Wednesday, April 15, 2015

The Agave Festival in Banning

A group of us from Wonder Valley met up at the Agave Festival on the Morongo Reservation in Banning. The festival was held at the Malki Museum, produced largely by Daniel McCarthy, and many, many volunteers and participants. I'd met McCarthy at the Desert Institute's Native Plant Uses and at the same lecture at the Old Schoolhouse in Twentynine Palms.

Daniel McCarthy
Agave (not the tequila kind) was a staple food of the Cahuilla and other native American tribes in the area. There are 20+ tribes in the Mojave Desert. The previous week people had gathered for the agave harvest. It takes nearly a week to prepare the oven and cook the agave.

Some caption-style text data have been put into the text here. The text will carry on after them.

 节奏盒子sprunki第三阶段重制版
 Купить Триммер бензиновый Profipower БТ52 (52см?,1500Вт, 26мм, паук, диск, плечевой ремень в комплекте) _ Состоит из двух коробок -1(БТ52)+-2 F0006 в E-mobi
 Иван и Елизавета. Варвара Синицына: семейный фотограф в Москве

Agave is cooked in a rock-lined pit. McCarthy, an anthropologist, discovered some of these pits during his field work in the desert and reconstructed the ovens and resurrected the practice of roasting agave.

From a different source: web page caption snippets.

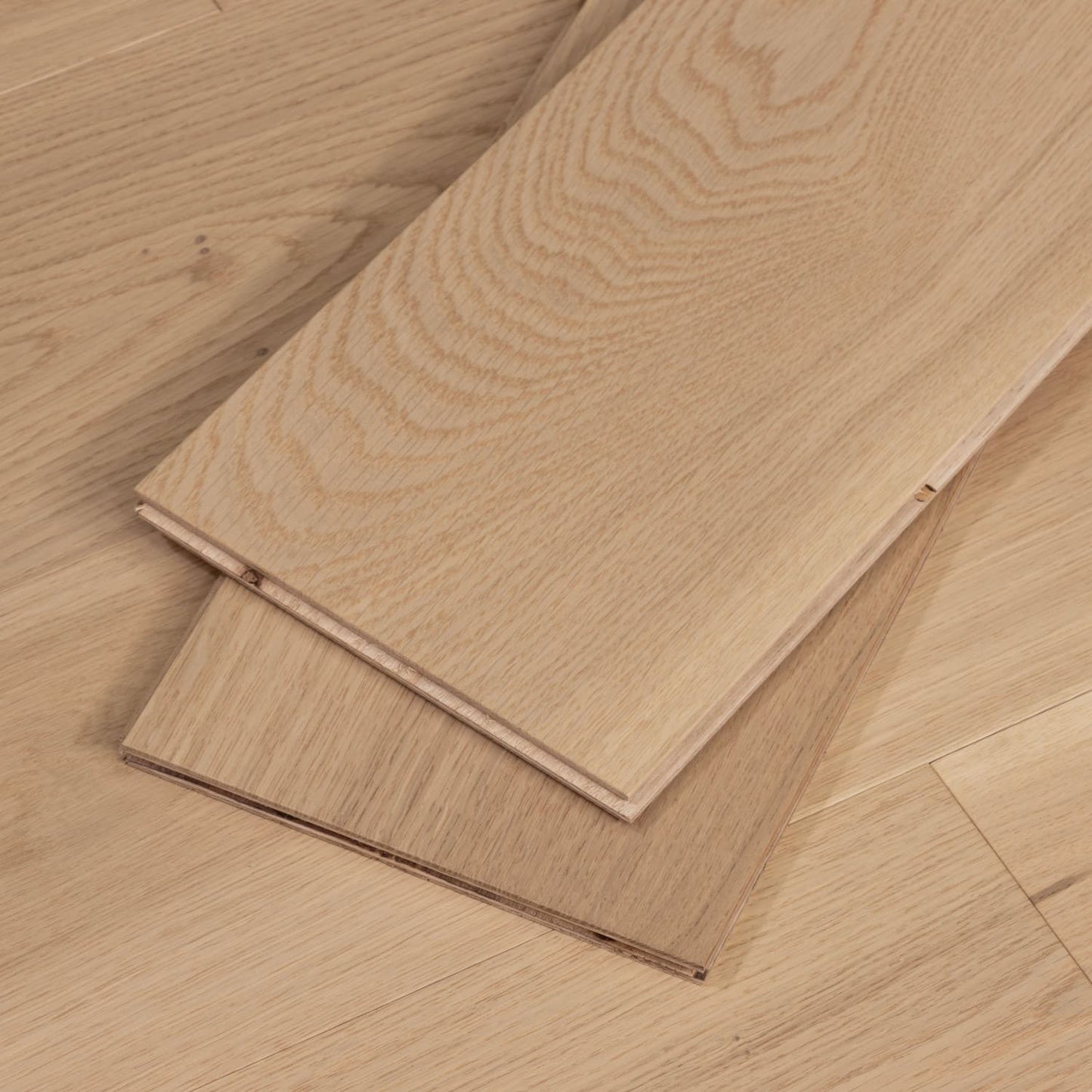 New Vine - European White Oak - Select Grade - Engineered Flooring - 7.8 in.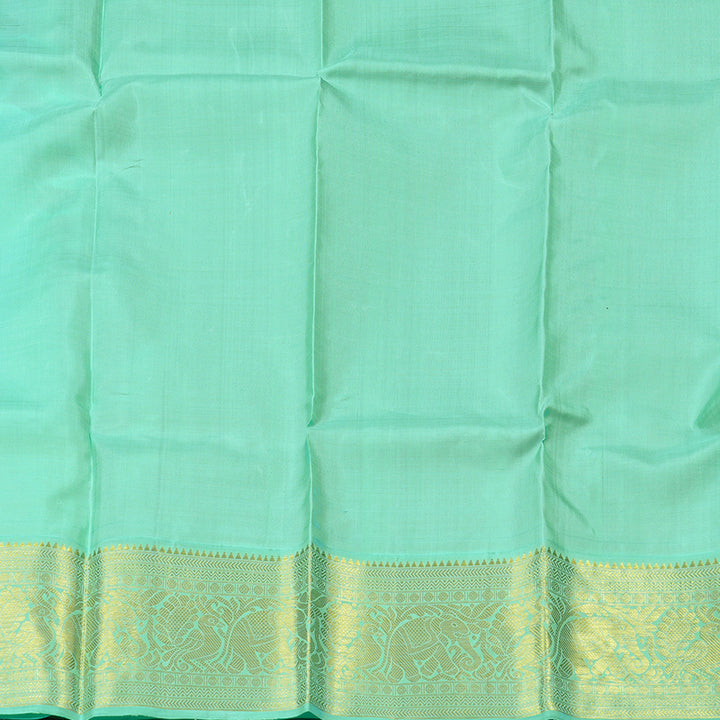 Hayagrivas Handloom Kanjivaram Silk Saree KBD2085C4-1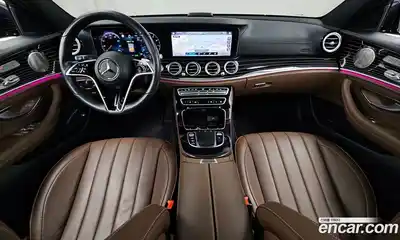 Mercedes-Benz E-Class 2023 3.0 гидро в Москве № 149459, миниатюра 7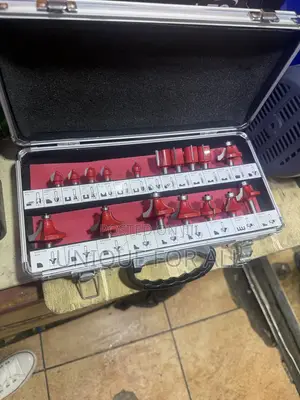 Router Bit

McCarthy was thanked by a tribal elder for his work in preserving the traditions associated with the agave. This was their 20th annual festival.

A community dinner included roasted agave, rabbit stew, nettle tea, pine nuts, corn bread, acorn mush, squash, beans, yucca whipplei,venison, salad, fry bread, corn, and more. It was delicious.

The agave was delicious. Many of us tried pieces of the leaves which we ate like giant artichoke leaves. They were stringy and for the most part you sucked the juice and flesh from the leaf. It was delicious and messy.

The heart of the agave was served at dinner. Agave is sweet. Many describe it as a cross between pineapple and sweet potato and that is an apt description. The flavor resonated deeply and tasted like something from childhood, something you want to go back to. Perhaps it was the context that gave it the strong appeal to the senses.

A young man prepares the roasted agave hearts.
The Malki Museum has a beautiful native garden and I spent a lot of time there familiarizing myself with native plants: jojoba, mesquite, manzanita, elderberry, creosote, ephedra, wild rose and grape, salt bush, sage and more.

This is buckwheat (left). I learned that I have long confused this with rosemary. I have found it cultivated at Sunnynook park on the Los Angeles River in a garden showcasing native and drought tolerant plants.

I was very excited to see that some of my friends from Los Angeles attended. Erik Knutzen and Kelly Coyne, who wrote The Urban Homestead were there. Erik and I, along with Mark Stambler, founded Los Angeles Bread Bakers. Two other LABB members attended, as well. Erik told me that Joseph Shuldiner, who wrote Pure Vegan: 70 Recipes for Beautiful Meals and Clean Living and who runs The Institute for Domestic Technology, attended the previous week's agave harvest. I was very happy to see the museum, harvest, and festival come to the attention of Los Angeles food authors and advocates.

One of the high points of the event for me was the basket making. A group of teenage men and women stood around weaving simple baskets. They were completely absorbed by their task and doing beautiful work. Next time this course is offered I'm taking it.

Singers and dancers from the Sherman Indian High School performed. I apologize for not taking more pictures. I wasn't feeling well so didn't make it to all the activities. I'll definitely be going to this next year and hope you can make it, too.